Understanding flex tables

The term (sometimes called or data) does not indicate that the data you load into flex tables is entirely without structure.

The term unstructured data (sometimes called semi-structured or dark data) does not indicate that the data you load into flex tables is entirely without structure. However, you may not know the data's composition or the inconsistencies of its design. In some cases, the data might not be relational.

Your data might have some structure (like JSON and delimited data). Data might be semi-structured or stringently structured, but in ways that you either do not know about or do not expect. The term flexible data encompasses these and other kinds of data. You can load your flexible data directly into a flex table and query its contents.

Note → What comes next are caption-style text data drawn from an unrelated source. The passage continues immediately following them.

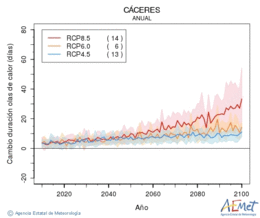 Cceres. Maximum temperature: Annual. Cambio de duracin olas de calor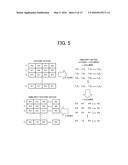 MACHINE LEARNING DEVICE AND CLASSIFICATION DEVICE FOR ACCURATELY     CLASSIFYING INTO CATEGORY TO WHICH CONTENT BELONGS diagram and image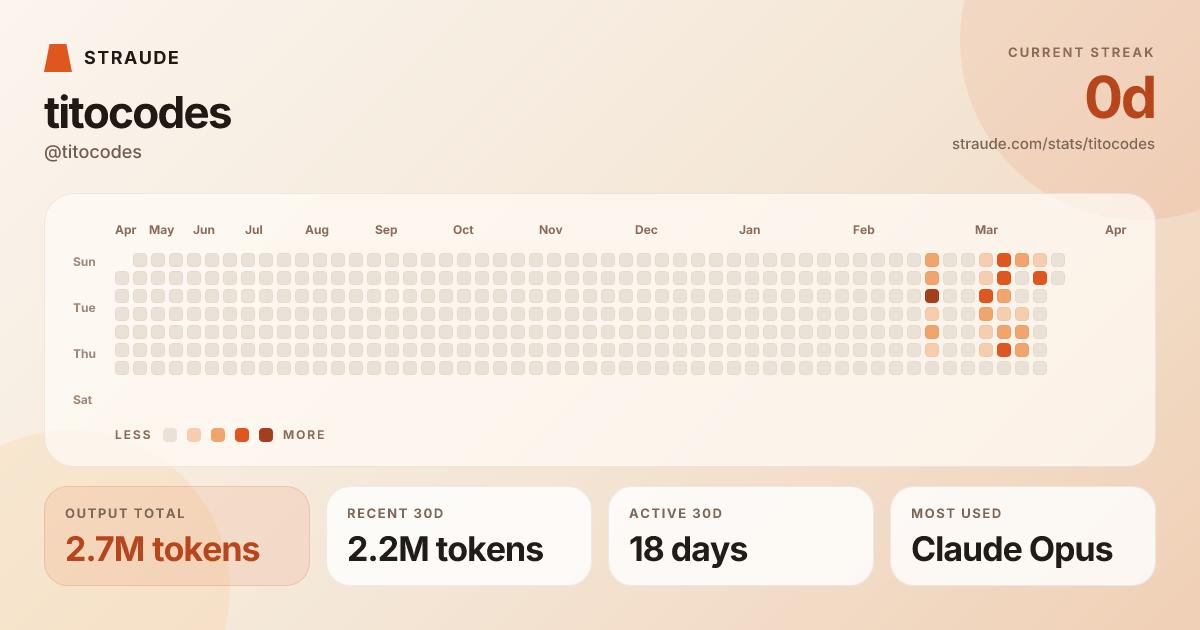 @titocodes's stats card
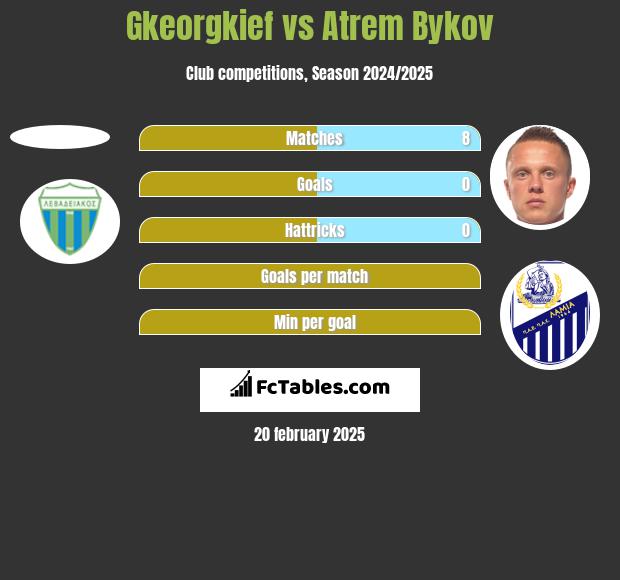 Gkeorgkief vs Artem Bykow h2h player stats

To summarize, you can load data first, without knowing its structure, and then query its content after a few simple transformations. In some cases, you already know the data structure, such as some keys in the data. If so, you can query these values explicitly as soon as you load the data.

Storing flex table data

While you can store unstructured data in a flex table __raw__ column, that column is implemented as a real column.

Vertica compresses __raw__ column data by about one half (1/2). While this factor is less than the compression rate for real columns, the reduction is significant for large amounts (more than 1TB) of unstructured data. After compression is complete, Vertica writes the data to disk. This approach maintains K-safety in your cluster and supports standard recovery processes should node failures occur. Flex tables are included in full backups (or, if you choose, in object-level backups).

What happens when you create flex tables?

Whenever you execute a CREATE FLEX TABLE statement, Vertica creates three objects, as follows:

  • The flexible table (flex_table)

  • An associated keys table (flex_table_keys)

  • A default view for the main table (flex_table_view)

The _keys and _view objects are dependents of the parent, flex_table. Dropping the flex table also removes its dependents, although you can drop the _keys or _view objects independently.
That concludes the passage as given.